And is Sklar not the bearded bassist from Phil Collins’ touring hey day? That geezer has not aged a day! He must have a ring of power…

My current prog fix that I can highly recommend, although it is way too short at three original songs, is Yes “From a Page” curated by Oliver Wakeman from session recordings before he was unfairly ousted to make way for Geoff Downes. Geof is a fine keyboard player in his own right and style, but no match for Wakeman Senior or his son IMO!

The three main songs (plus one that has already featured on Ravens and Lullabies) are astounding, and capture Yes as they should have been, not the pale shadow that they are now (I rate “Heaven and Earth” as the worst Yes album ever).

Oliver’s words:

Following Chris Squire’s passing, I felt that the new music we’d created, but not released, should be heard and not sit unfinished on a shelf. And with Steve, Alan and Benoit’s enthusiasm for the project, I am proud to know that this music will get to see the light of day and, hopefully, be enjoyed by Yes fans as a piece of previously hidden Yes history.”

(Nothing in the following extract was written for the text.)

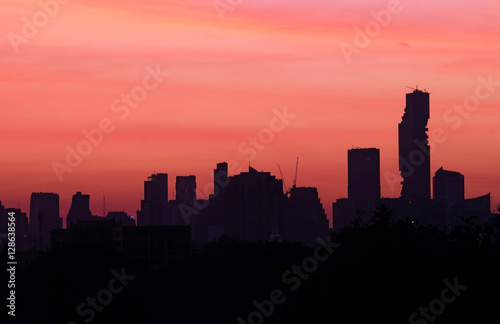 Bangkok city at sunrise, Mahanakorn tower, Silom area, Thailand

I am also hugely enjoying In Continuum’s “Acceleration Theory” albums as well. And Pendragon, who I have not been following since they went in a rockier direction (that other bands do far better IMO), have had an astounding return to form with their “Love Over Fear” album.

And in terms of Prog largesse I am currently listening to Yes’s “Gates of Delirium” live from “Yesshows” which trounces the studio version (which I was so disappointed to hear after the live version).